Write out each line of the listing as it stands, without the images.

Exercise data:

—————

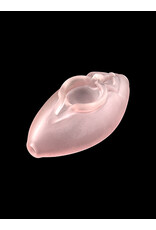 Vagina Hand Pipe Sandblasted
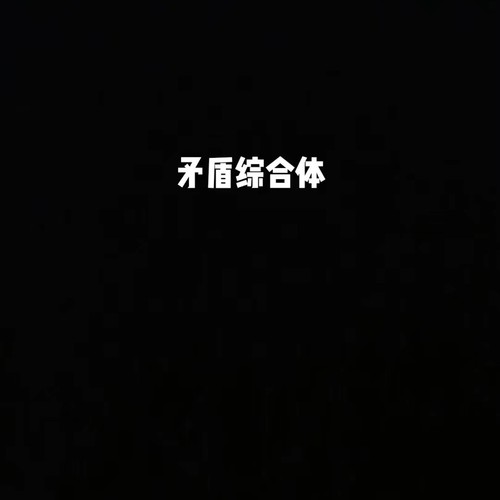 矛盾综合体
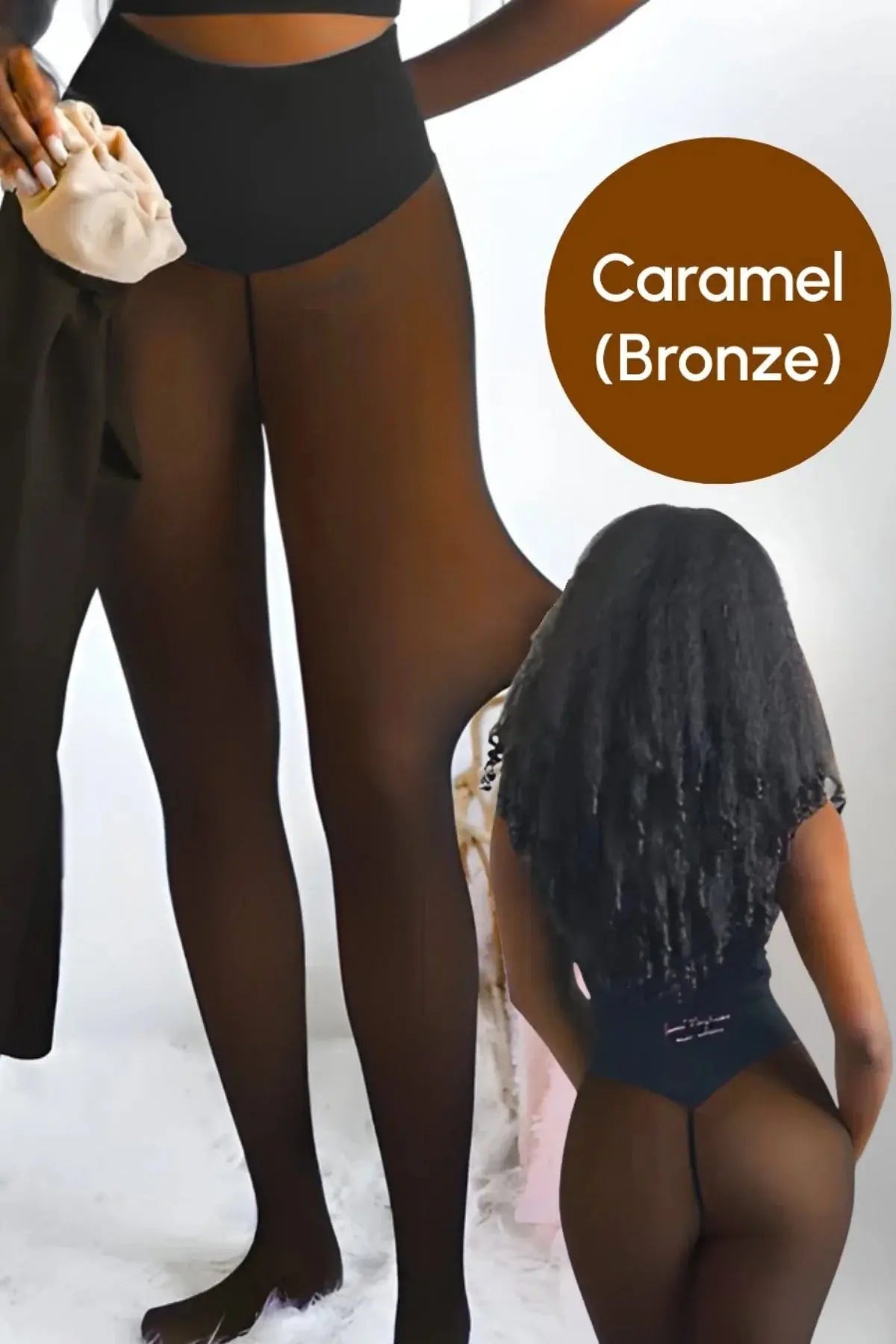 Medias Shapewear para Invierno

—————

Output for this task:
 Vagina Hand Pipe Sandblasted
 矛盾综合体
 Medias Shapewear para Invierno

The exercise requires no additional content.